Interwetten.com Racing is a racing team from Austria. It was founded in 2001 by Walter Raus.

Career
The team started its career in Formula Volkswagen, and in its second year of operations won the championship with the German driver Sven Barth.

In 2004 they moved up to Formula Renault V6 Eurocup with drivers Sven Barth and Jaap van Lagen, with sponsorship from the Austrian bookmaking agency Interwetten, with Barth winning the Monaco race and Van Lagen taking a win Oschersleben.

The following year, Renault founded the World Series by Renault, merging World Series by Nissan and Formula Renault V6 Eurocup and Interwetten remained. Fernando Rees drove for the team and scored a series of impressive Qualifying results.

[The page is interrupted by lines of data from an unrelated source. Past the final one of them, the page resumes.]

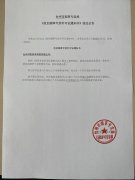 <b>《收回烟草专卖许可证通知书》送达公告（台州市凯茜蕾商贸...</b>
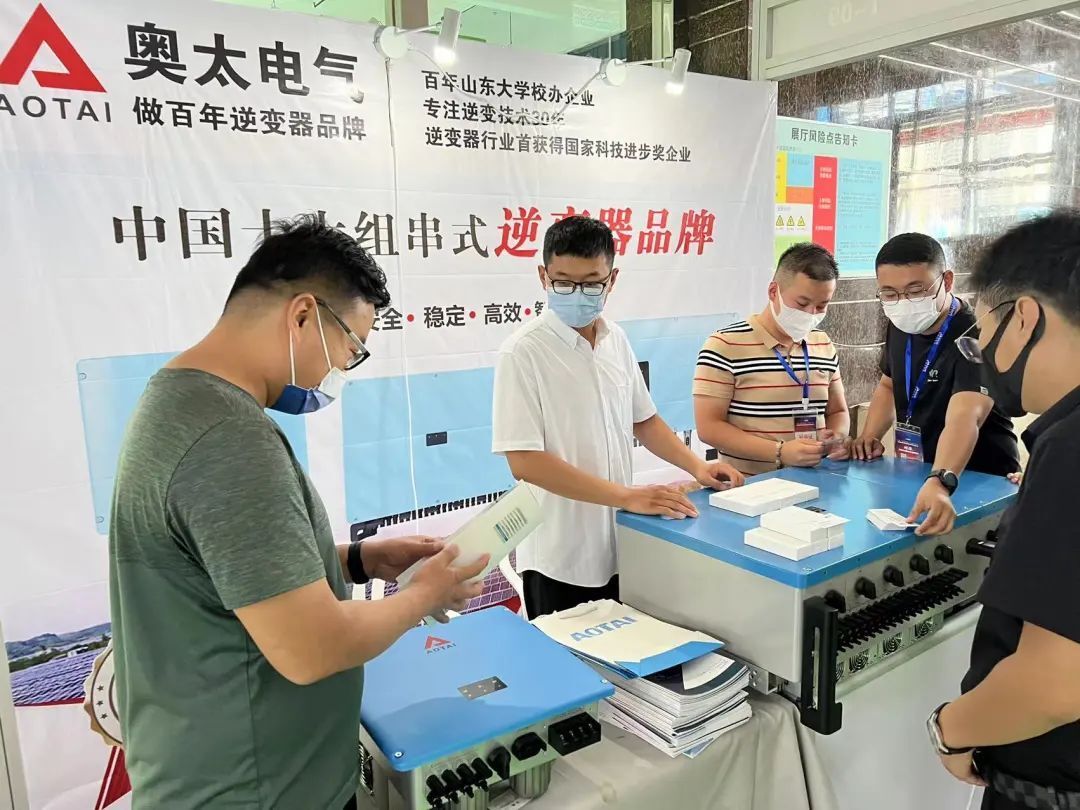 Aotai a présenté un modèle d'innovation technologique hardcore au salon du stockage d'énergie solaire de Zhongyuan en 2022
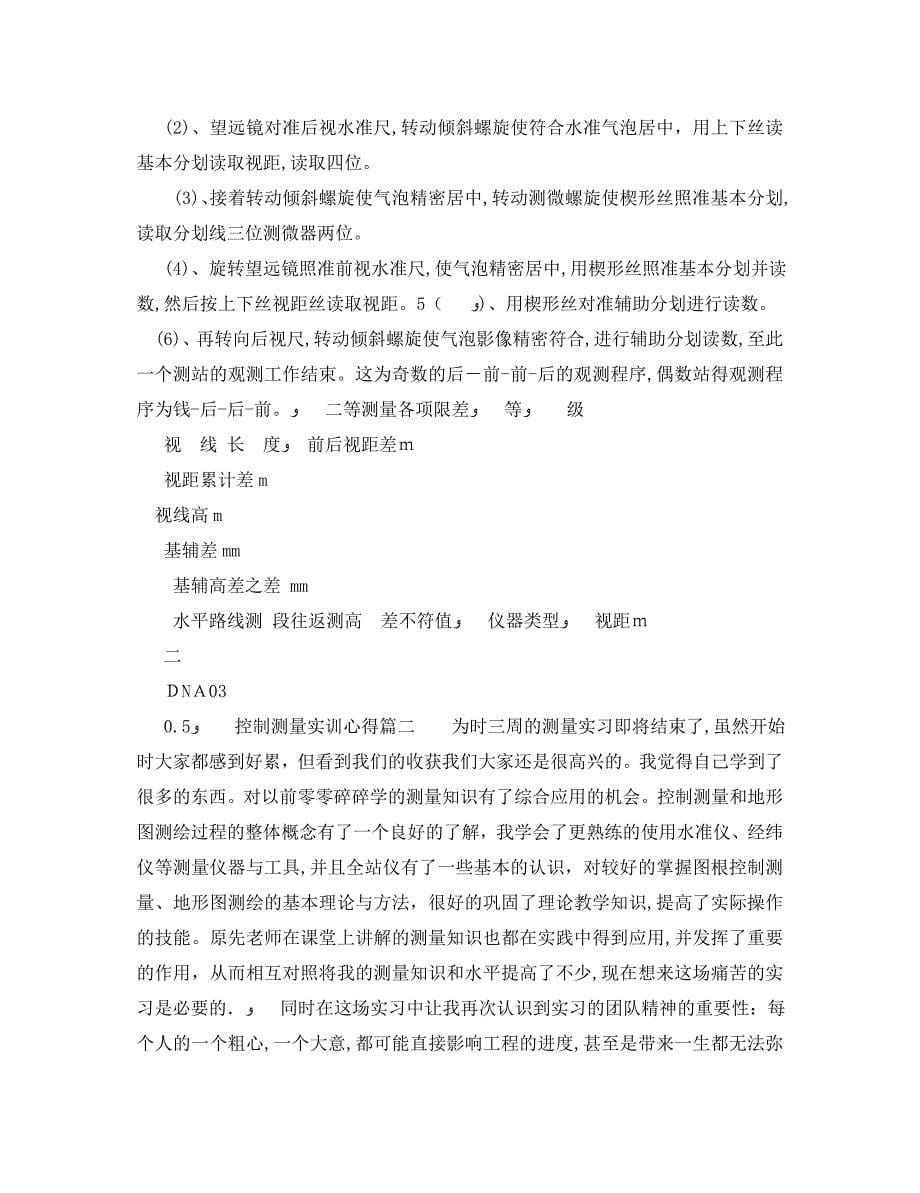 控制测量实训心得体会文章_第5页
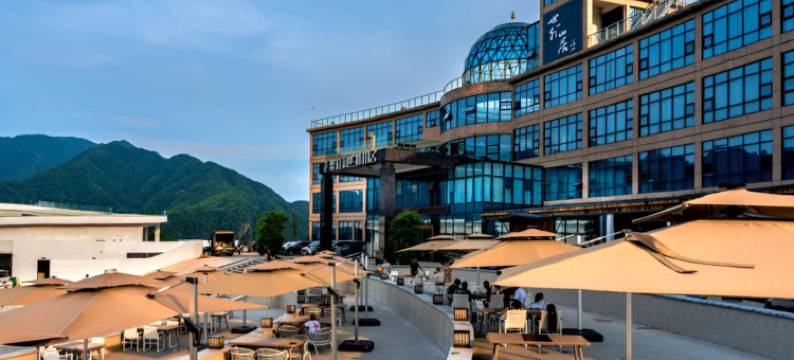 新化世外山居酒店图片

But they would have to wait until 2006, for their first success with Andy Soucek and Eric Salignon taking several race victories, giving Interwetten the Teams Championship.

New driver Salvador Durán brought Telmex in as sponsor for 2007, winning one race while teammate Daniil Move failed to score a point. In 2008 the Austrian team ran Durán alongside compatriot Pablo Sánchez López.

In 2010, the team has announced it wants to expand to include the Formula Renault 2.0 Eurocup series.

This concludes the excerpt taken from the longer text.